Almost $20bn (£14bn) was wiped off the social network company in the first few minutes of trading on the Nasdaq stock exchange, where Facebook opened down more than 3%. By midday, the company’s share price losses had multiplied to more than $40bn, making the day its worst in more than five years.

Tonight Elizabeth Denham, Britain’s data regulator is getting a warrant to raid Cambridge Analytica and seize its servers.

Amongst a series of killer lines the Cambridge Analytica CEO says to a journalist posing as a prospective candidate:

“It doesn’t need to be true, as long as it’s believed”.

But the issue goes far beyond a dodgy PR firm (of which there are many). The question is: did the firms activities win the US election for Trump and Brexit for Leave?

As Paul Mason writes:

“Facebook let a firm called GSR scrape 50 million user profiles and sell the data to another firm, Cambridge Analytica, whose express purpose was to manipulate electoral behaviour in favour of Donald Trump.
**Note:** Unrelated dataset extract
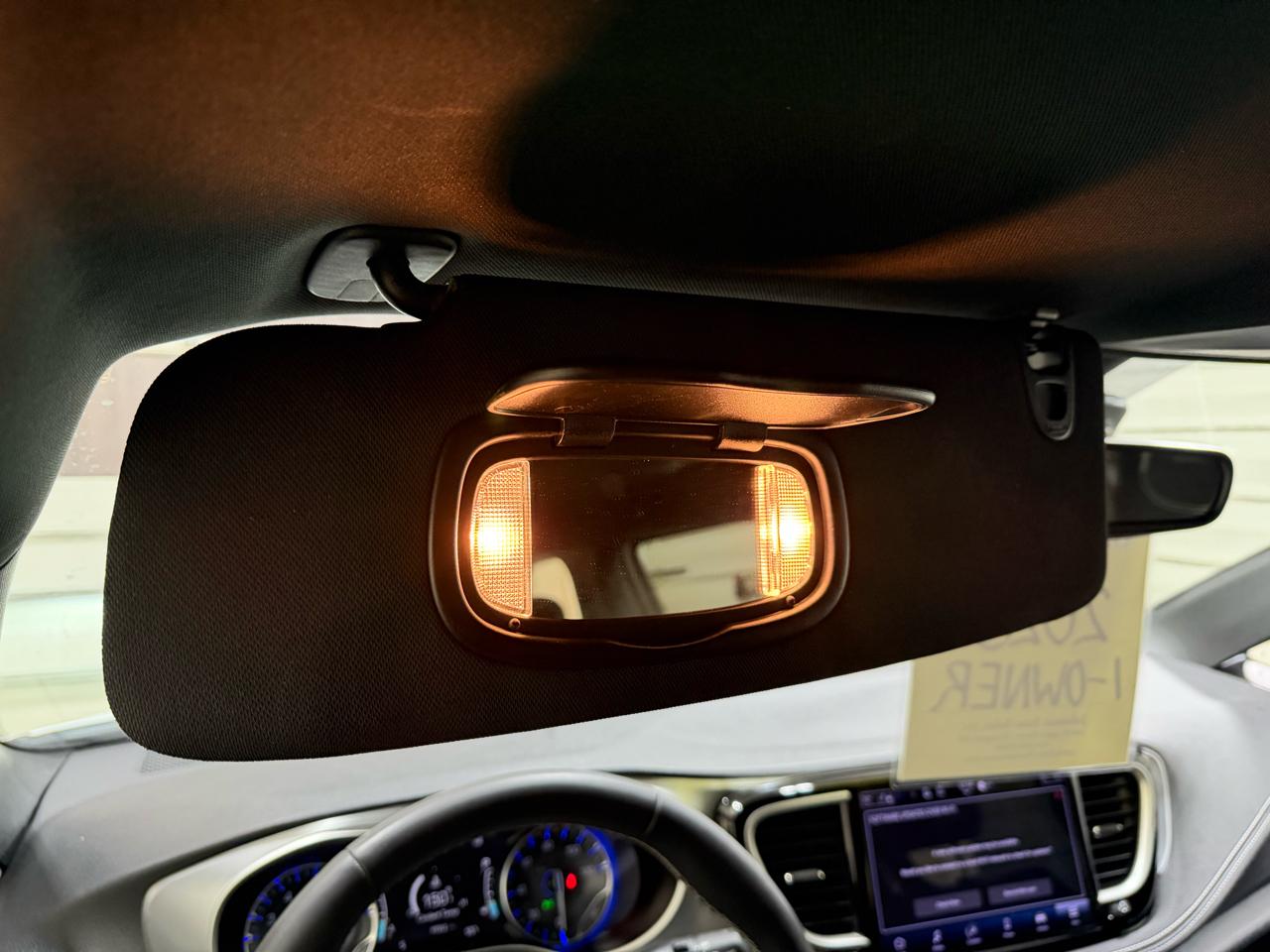 Chrysler Pacifica Touring FWD 2023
That’s the one-paragraph summary of a story that will unfold with increasing complexity this week.”

The other question that’s hanging tonight is what other political groups, private organisations and political parties (like the Conservatives) have tie to Cambridge Analytica?

Here in a brilliant piece of journalism is Channel 4 News expose of Cambridge Analytica …

 

The deeper question is perhaps about our own complicity in this.

We are after all part of the problem with our ambivalence to surveillance, our lazy addiction to the dopamine hit of social media and our listless obsession with the material.

The state of mesmerising propaganda being leaked out into what passes for the public-sphere often does not have a single purpose. It is as much to sow confusion and disorientation and division as much as anything else.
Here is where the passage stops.